§ **REQUIREMENT**
Copy exactly the line that contains "This video presents" plus all remaining lines of the data, and leave out every line before it.

----- DATA PROVIDED -----

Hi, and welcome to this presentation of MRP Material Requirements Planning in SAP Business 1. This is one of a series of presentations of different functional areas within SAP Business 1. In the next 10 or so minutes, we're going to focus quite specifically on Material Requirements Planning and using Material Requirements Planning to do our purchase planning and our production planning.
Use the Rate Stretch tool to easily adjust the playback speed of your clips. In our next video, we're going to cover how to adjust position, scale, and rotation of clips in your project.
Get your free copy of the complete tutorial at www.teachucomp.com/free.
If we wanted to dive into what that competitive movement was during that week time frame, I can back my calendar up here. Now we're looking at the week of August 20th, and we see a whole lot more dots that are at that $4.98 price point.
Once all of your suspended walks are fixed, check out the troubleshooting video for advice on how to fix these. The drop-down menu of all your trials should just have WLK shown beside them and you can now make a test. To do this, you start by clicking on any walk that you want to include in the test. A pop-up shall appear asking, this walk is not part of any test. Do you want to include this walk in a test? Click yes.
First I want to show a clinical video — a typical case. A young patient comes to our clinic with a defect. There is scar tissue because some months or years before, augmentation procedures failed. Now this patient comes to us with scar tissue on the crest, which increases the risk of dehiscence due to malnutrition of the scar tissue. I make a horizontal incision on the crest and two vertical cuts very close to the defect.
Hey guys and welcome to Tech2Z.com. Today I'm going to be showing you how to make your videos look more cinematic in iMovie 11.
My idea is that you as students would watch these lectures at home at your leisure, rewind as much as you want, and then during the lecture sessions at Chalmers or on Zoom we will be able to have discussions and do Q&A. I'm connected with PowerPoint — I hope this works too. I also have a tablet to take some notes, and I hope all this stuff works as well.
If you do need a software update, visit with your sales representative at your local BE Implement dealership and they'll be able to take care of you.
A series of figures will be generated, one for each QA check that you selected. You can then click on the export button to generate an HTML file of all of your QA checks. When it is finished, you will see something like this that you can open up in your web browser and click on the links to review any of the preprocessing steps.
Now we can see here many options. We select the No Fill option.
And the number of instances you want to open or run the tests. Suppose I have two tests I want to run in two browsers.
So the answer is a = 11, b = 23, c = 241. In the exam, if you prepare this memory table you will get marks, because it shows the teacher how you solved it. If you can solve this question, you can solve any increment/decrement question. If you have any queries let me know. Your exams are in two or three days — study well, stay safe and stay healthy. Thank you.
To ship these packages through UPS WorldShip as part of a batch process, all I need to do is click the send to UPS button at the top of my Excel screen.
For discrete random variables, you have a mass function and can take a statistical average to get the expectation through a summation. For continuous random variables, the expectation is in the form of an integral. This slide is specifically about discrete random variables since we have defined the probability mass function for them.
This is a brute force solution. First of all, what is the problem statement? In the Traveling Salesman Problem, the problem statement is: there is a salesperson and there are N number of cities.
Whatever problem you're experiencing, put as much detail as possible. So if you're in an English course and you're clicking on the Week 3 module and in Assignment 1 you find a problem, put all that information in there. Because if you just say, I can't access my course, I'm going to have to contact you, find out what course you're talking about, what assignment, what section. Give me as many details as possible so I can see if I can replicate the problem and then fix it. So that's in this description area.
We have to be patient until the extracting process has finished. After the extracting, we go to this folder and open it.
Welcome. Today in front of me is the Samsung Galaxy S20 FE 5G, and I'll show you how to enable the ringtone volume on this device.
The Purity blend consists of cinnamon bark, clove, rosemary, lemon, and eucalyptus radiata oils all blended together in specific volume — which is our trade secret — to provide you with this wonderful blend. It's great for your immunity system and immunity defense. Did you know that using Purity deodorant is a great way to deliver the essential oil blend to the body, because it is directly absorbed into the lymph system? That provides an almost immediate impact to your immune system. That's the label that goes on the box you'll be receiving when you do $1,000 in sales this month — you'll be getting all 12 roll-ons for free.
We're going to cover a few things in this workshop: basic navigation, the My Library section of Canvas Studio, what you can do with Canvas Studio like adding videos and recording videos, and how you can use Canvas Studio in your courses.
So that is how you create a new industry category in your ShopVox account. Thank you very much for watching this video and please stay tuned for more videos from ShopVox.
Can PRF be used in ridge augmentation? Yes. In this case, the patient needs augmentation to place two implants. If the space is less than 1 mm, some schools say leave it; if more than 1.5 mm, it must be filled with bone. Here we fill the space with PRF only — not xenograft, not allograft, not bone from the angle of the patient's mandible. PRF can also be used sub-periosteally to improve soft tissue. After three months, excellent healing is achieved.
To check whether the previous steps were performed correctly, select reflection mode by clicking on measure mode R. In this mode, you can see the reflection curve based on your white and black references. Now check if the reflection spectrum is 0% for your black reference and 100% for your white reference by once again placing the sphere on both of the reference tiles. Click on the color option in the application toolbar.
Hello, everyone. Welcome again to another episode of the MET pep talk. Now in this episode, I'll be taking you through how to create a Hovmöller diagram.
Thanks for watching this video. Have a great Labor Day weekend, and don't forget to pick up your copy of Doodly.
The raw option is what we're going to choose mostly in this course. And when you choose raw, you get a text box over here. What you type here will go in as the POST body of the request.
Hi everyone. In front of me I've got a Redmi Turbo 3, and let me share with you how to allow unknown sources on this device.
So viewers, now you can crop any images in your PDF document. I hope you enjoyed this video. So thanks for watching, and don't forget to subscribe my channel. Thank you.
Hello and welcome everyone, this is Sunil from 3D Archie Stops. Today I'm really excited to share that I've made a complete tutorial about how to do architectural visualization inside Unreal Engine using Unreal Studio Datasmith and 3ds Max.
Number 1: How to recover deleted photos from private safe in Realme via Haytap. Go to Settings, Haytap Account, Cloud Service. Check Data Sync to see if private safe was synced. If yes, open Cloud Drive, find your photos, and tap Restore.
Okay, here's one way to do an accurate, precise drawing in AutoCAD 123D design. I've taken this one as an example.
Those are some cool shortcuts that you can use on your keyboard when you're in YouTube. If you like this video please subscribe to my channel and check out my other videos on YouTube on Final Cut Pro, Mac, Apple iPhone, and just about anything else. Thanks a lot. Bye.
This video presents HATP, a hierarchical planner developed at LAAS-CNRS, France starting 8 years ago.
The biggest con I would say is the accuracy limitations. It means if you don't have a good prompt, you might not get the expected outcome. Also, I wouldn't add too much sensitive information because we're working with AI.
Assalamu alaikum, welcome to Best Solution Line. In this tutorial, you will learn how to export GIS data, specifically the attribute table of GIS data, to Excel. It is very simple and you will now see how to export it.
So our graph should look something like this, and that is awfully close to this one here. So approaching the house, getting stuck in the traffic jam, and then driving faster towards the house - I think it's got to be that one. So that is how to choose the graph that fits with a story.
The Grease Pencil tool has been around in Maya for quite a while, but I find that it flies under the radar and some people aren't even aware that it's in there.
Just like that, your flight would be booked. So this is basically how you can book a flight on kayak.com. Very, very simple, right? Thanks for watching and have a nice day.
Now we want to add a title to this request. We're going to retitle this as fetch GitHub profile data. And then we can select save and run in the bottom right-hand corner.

-----

§ **RESULT OF THIS TASK**
This video presents HATP, a hierarchical planner developed at LAAS-CNRS, France starting 8 years ago.
The biggest con I would say is the accuracy limitations. It means if you don't have a good prompt, you might not get the expected outcome. Also, I wouldn't add too much sensitive information because we're working with AI.
Assalamu alaikum, welcome to Best Solution Line. In this tutorial, you will learn how to export GIS data, specifically the attribute table of GIS data, to Excel. It is very simple and you will now see how to export it.
So our graph should look something like this, and that is awfully close to this one here. So approaching the house, getting stuck in the traffic jam, and then driving faster towards the house - I think it's got to be that one. So that is how to choose the graph that fits with a story.
The Grease Pencil tool has been around in Maya for quite a while, but I find that it flies under the radar and some people aren't even aware that it's in there.
Just like that, your flight would be booked. So this is basically how you can book a flight on kayak.com. Very, very simple, right? Thanks for watching and have a nice day.
Now we want to add a title to this request. We're going to retitle this as fetch GitHub profile data. And then we can select save and run in the bottom right-hand corner.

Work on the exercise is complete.